_GIVEN RECORDS_:
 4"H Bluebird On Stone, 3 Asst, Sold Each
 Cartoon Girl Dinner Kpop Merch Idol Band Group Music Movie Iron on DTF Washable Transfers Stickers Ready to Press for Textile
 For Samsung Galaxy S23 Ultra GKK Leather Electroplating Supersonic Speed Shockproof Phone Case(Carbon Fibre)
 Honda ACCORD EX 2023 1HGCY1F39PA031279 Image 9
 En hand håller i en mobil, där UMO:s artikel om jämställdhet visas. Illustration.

==

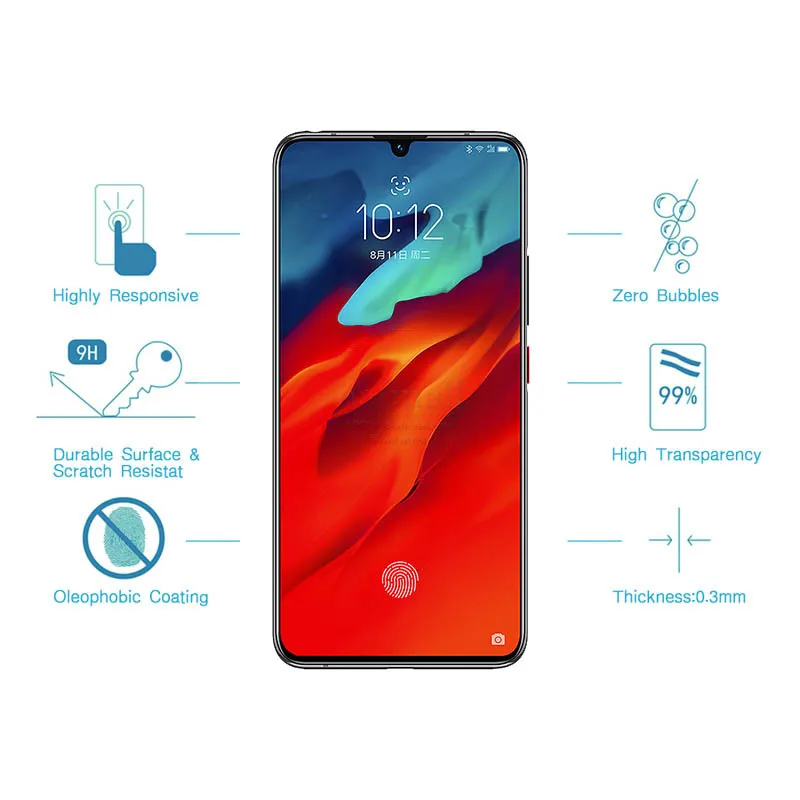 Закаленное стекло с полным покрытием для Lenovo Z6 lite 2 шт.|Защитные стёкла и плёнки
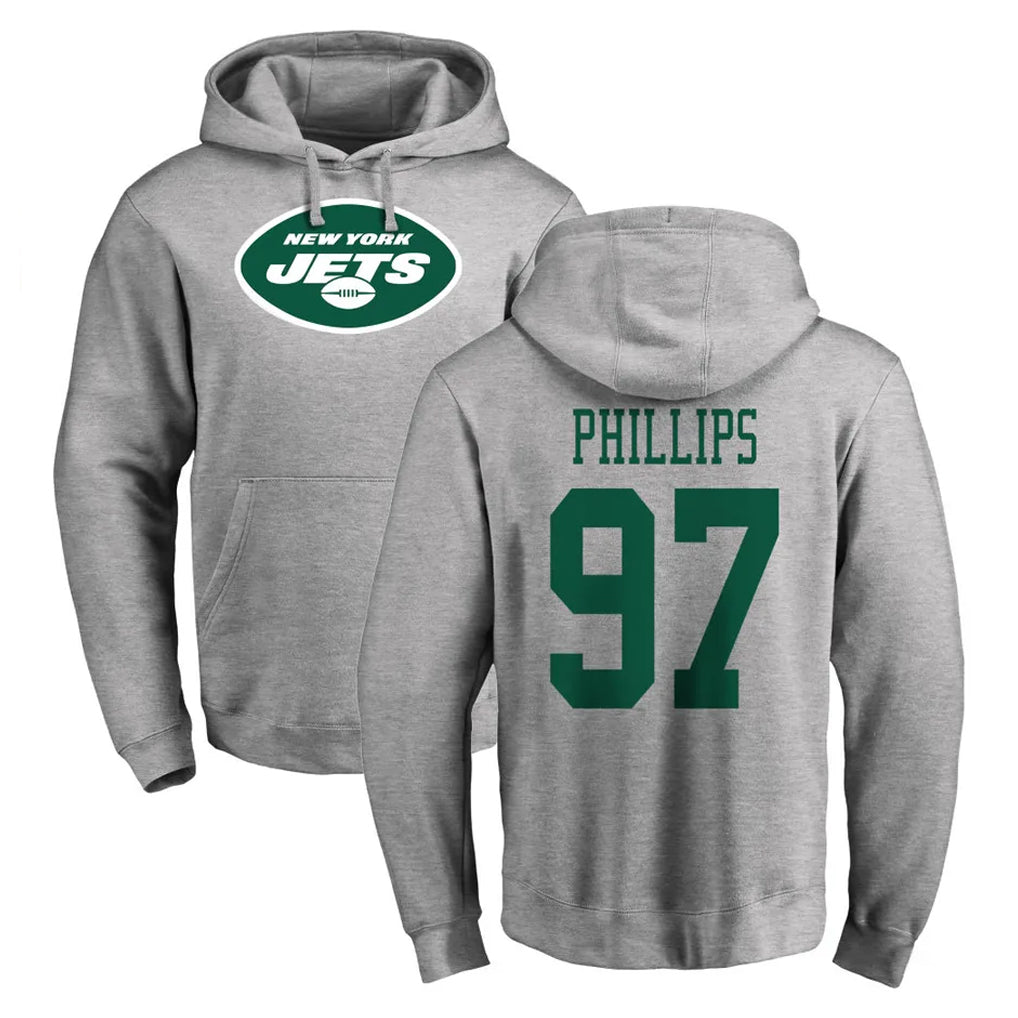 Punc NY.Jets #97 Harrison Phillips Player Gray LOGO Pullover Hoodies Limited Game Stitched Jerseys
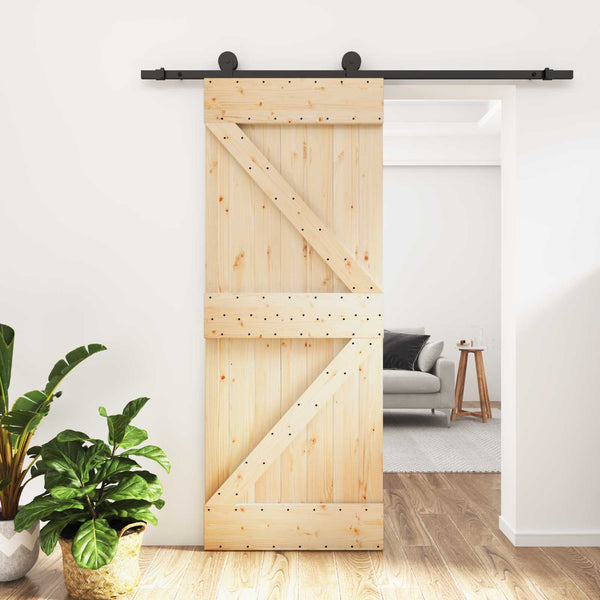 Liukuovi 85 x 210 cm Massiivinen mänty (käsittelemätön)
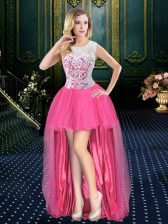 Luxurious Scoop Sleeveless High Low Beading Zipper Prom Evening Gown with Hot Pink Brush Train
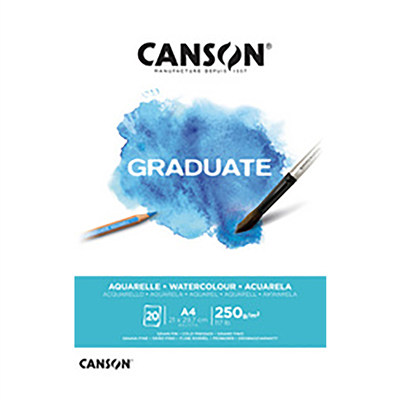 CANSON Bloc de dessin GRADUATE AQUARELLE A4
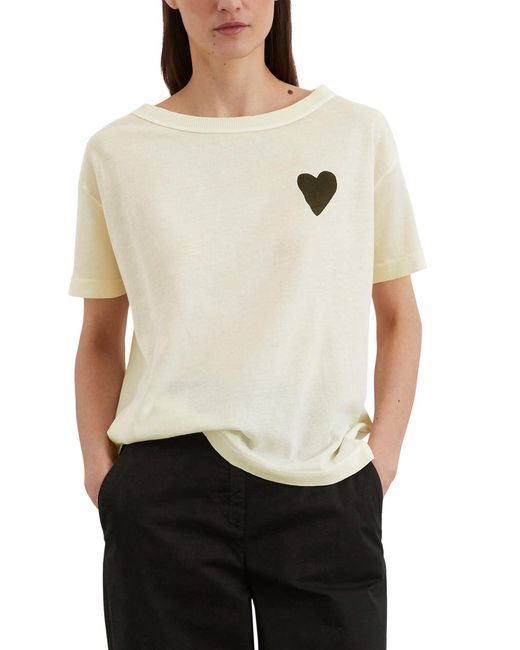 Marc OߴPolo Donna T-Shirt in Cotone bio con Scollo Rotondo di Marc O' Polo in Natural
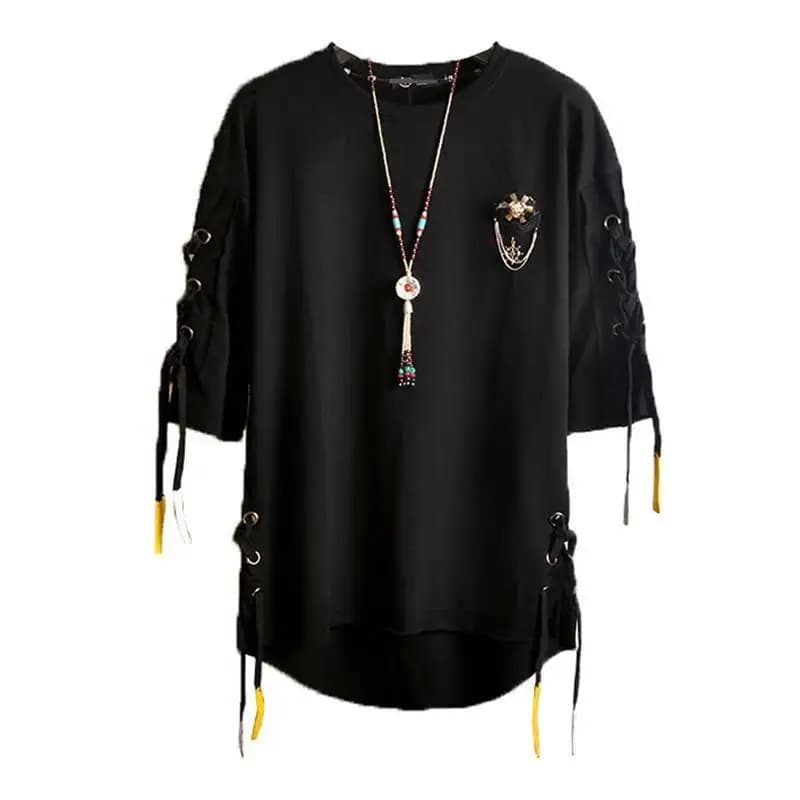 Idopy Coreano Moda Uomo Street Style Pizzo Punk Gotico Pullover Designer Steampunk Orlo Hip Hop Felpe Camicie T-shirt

...

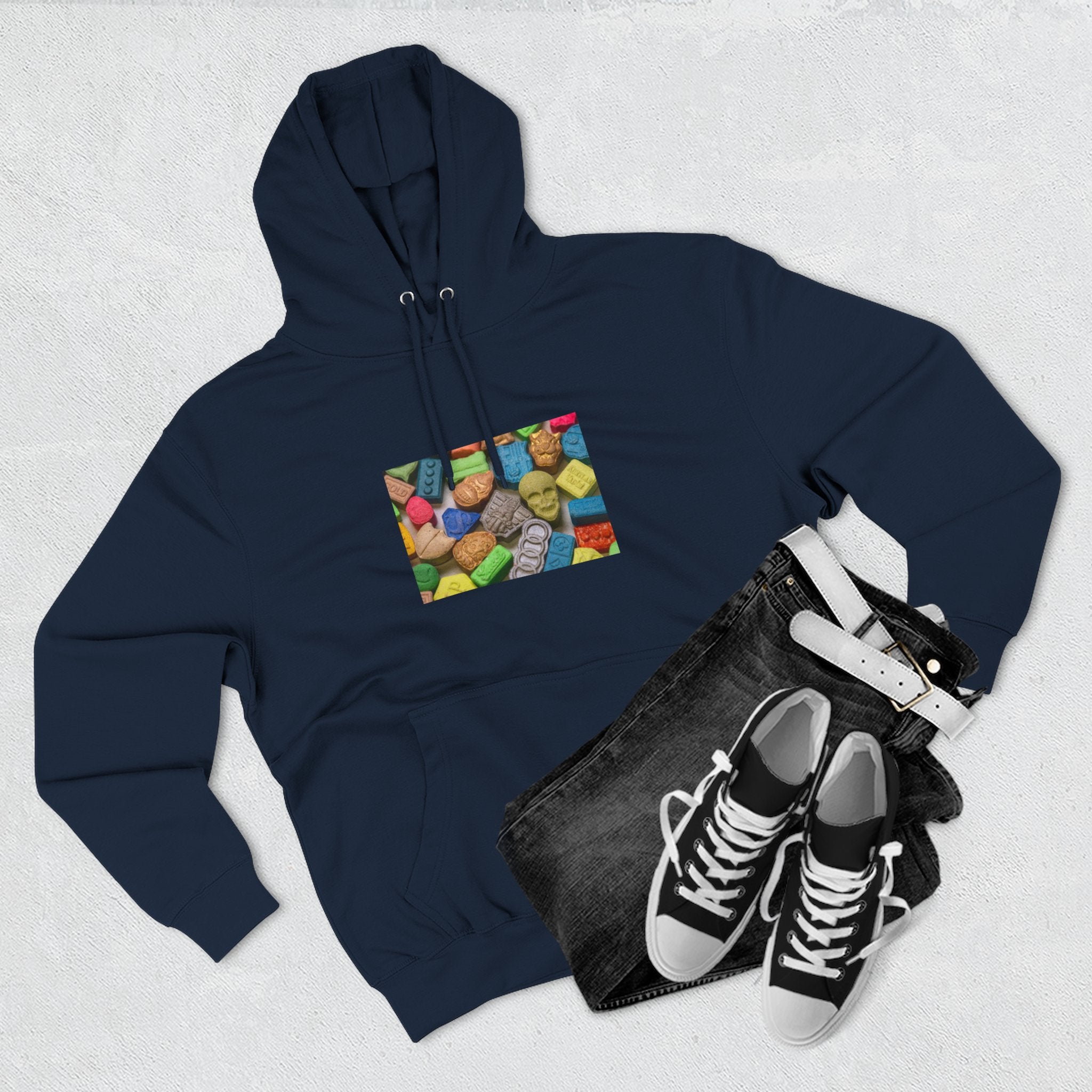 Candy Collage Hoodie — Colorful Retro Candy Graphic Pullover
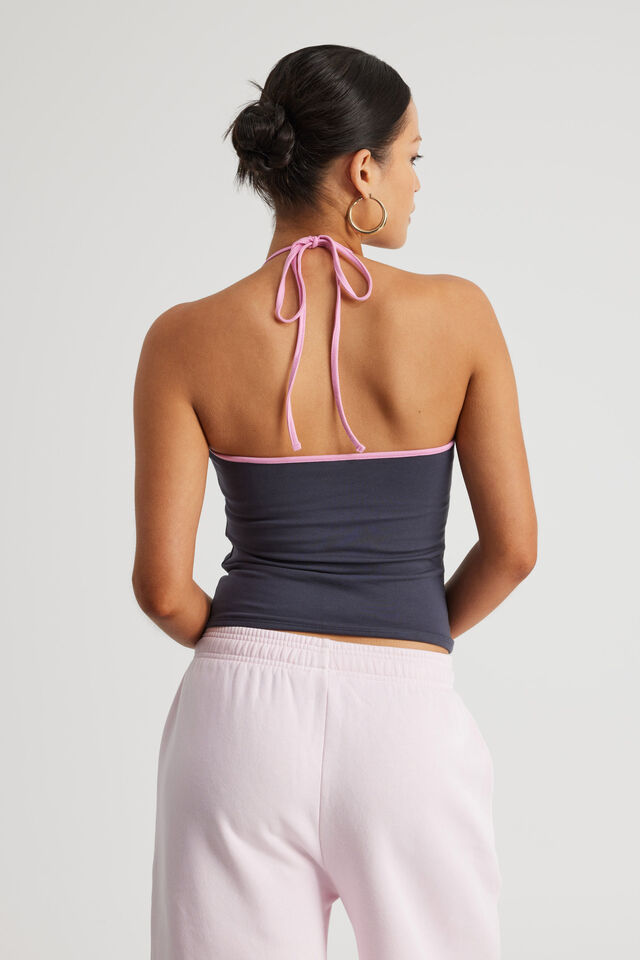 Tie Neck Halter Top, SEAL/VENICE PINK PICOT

_EXERCISE REQUIREMENTS_:
The reply should hold only the lines of the listing above starting at the line containing "Asst, Sold Each" and ending at the line containing "Honda ACCORD EX", exactly as written.

_WRITTEN ANSWER_:
 4"H Bluebird On Stone, 3 Asst, Sold Each
 Cartoon Girl Dinner Kpop Merch Idol Band Group Music Movie Iron on DTF Washable Transfers Stickers Ready to Press for Textile
 For Samsung Galaxy S23 Ultra GKK Leather Electroplating Supersonic Speed Shockproof Phone Case(Carbon Fibre)
 Honda ACCORD EX 2023 1HGCY1F39PA031279 Image 9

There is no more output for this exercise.